A turma de amigos é a primeira a receber a notícia da relação entre os dois. A maneira como o grupo se comporta resulta mais de uma imposição social do que de um estranhamento verdadeiro:
As caras amoleceram no primeiro espanto, voltaram a se mexer e a olhar umas para as outras. Tinham a obrigação da raiva, do asco e da piada, mas ninguém queria começar.
A palavra “obrigação” é muito forte neste trecho. Heringer nos diz, em mais uma prova da sensibilidade de seu texto, que preconceitos, tais como a homofobia, são construções sociais que só cessarão quando o ciclo for interrompido. E, a julgar pela reação das pessoas mais velhas do bairro ao amor entre os dois garotos, essa interrupção depende, sobretudo da maneira como as crianças estão sendo educadas:
A notícia se alastrou, mas o escândalo não veio das caras amolecidas dos meus amigos. Veio das caras velhas e das moças de família (…)
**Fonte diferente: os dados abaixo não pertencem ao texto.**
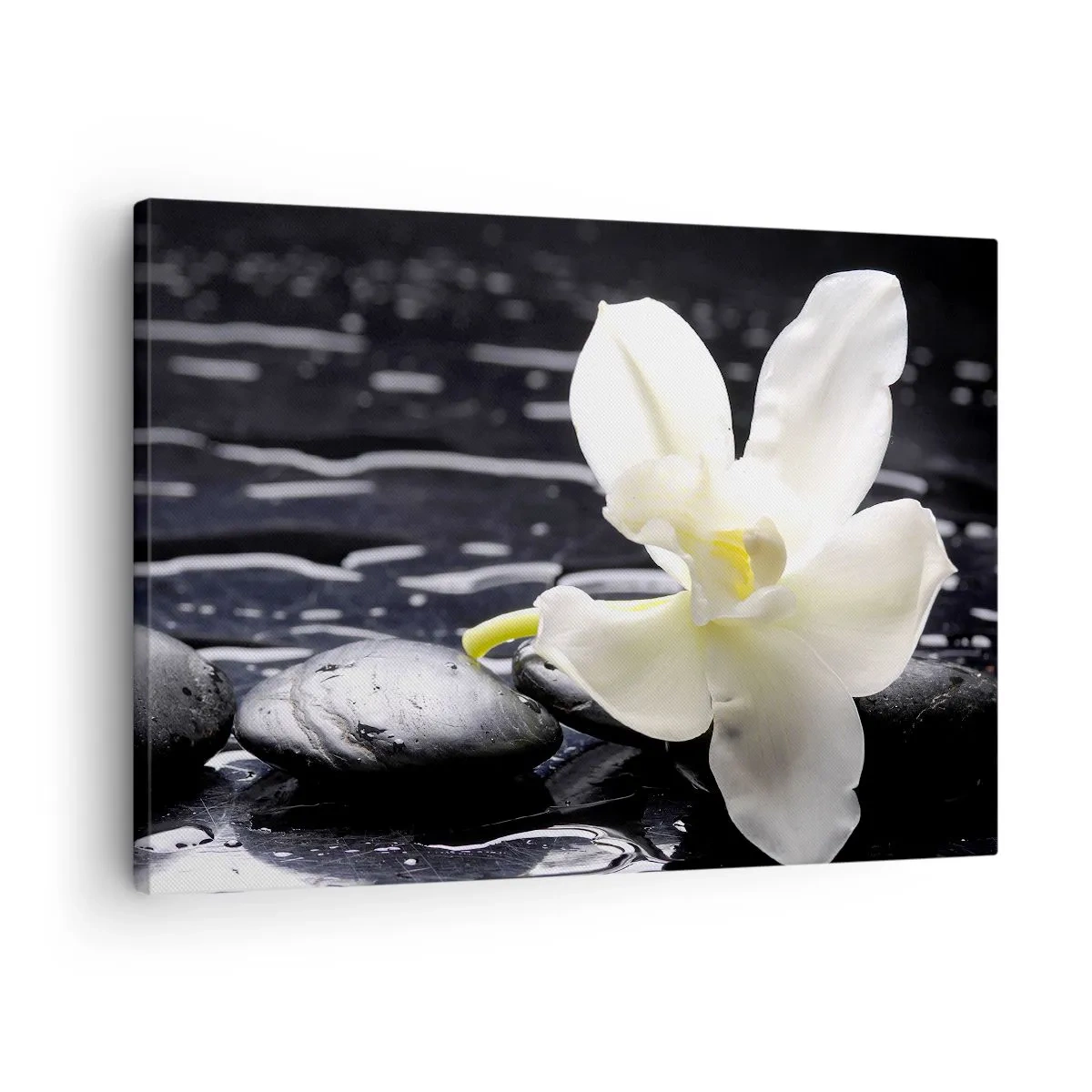 Schilderen op canvas - Een witte orchidee tegen een achtergrond van zwarte stenen en water. - 70x50cm - Een studie in zwart-wit - Moderne wanddecoratie voor woonkamer en slaapkamer ARTTOR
Adultos intolerantes à diversidade moldam futuros adultos igualmente intolerantes. A natureza infantil é despida de preconceitos, mas vulnerável aos padrões que lhe são impostos.
Heringer consegue transmitir ideias essenciais como essa a partir de metáforas que não prejudicam a força da mensagem e ainda enriquecem seu texto. Ao longo de toda narrativa, a começar por aquele trecho inicial inusitado com a descrição meteorológica, percebemos uma forte relação entre os acontecimentos da história e a natureza.
Em meio a suas lembranças, Camilo conta episódios do seu cotidiano atual. Neste último trecho lido, ele dedicou quase um capítulo inteiro para contar da árvore que alastrava suas raízes, invadindo tubulações e pavimentos. Inevitável ler este trecho e não associá-lo à transformação que o narrador via acontecer em seu íntimo:
Acho bonito quando as árvores fazem isso. Durante anos as raízes vão crescendo quietinhas debaixo dos nossos pés, crescem, endurecem, se esparramam – e vão forçando a superfície da calçada.
Assim como a árvore se esparramava, o garoto Camilo desabrochava para vida. E da mesma forma que as raízes forçavam a superfície da calçada, o amor dele por Cosme desafiava as convenções para se impor.
Esse não é o único trecho em que Heringer usa o comportamento da natureza para dar ritmo à narrativa. Quando fala das enchentes que, desde sua infância, atingiam o Queím, Camilo antecipa sutilmente sua breve e avassaladora história com Cosme:
Todo idílio termina em tempestade, e da tempestade à enchente são poucas horas. Todo mundo sabe como é ruim nosso sistema de esgoto, as galerias subterrâneas, entra prefeito, sai prefeito… A enchente logo vira dilúvio e o dilúvio, oceano.
Essa corrente que se expande e tudo absorve, porém, também reflui, constata o narrador. Se a face das águas mostra uma imagem lenta e calma, de luto, no fundo há o plâncton, a origem da vida. Esse ciclo inevitável de acontecimentos faz ressurgir a vida, “e o enlutado uma hora se anima”.
Mas não Camilo. Já próximo a velhice, o narrador segue preso ao luto. Por isso, o personagem de Renato, neto do assassino de Cosme, nos desperta a curiosidade. Camilo se afeiçoa ao menino, o recebe em casa para atividades tão vulgares como assistir TV a cabo e comer pão com mortadela, até que o menino praticamente passa a morar no apartamento.
Nessa relação, não há uma troca clara: tudo que o narrador parece querer poder fazer pelo menino – que é alvo dos mesmos preconceitos sofridos por Cosmim mais de 30 anos antes – é cuidar para que ele tenha um destino diferente do de seu primeiro amor. É a ternura, e não a paixão, que parece mover essa relação.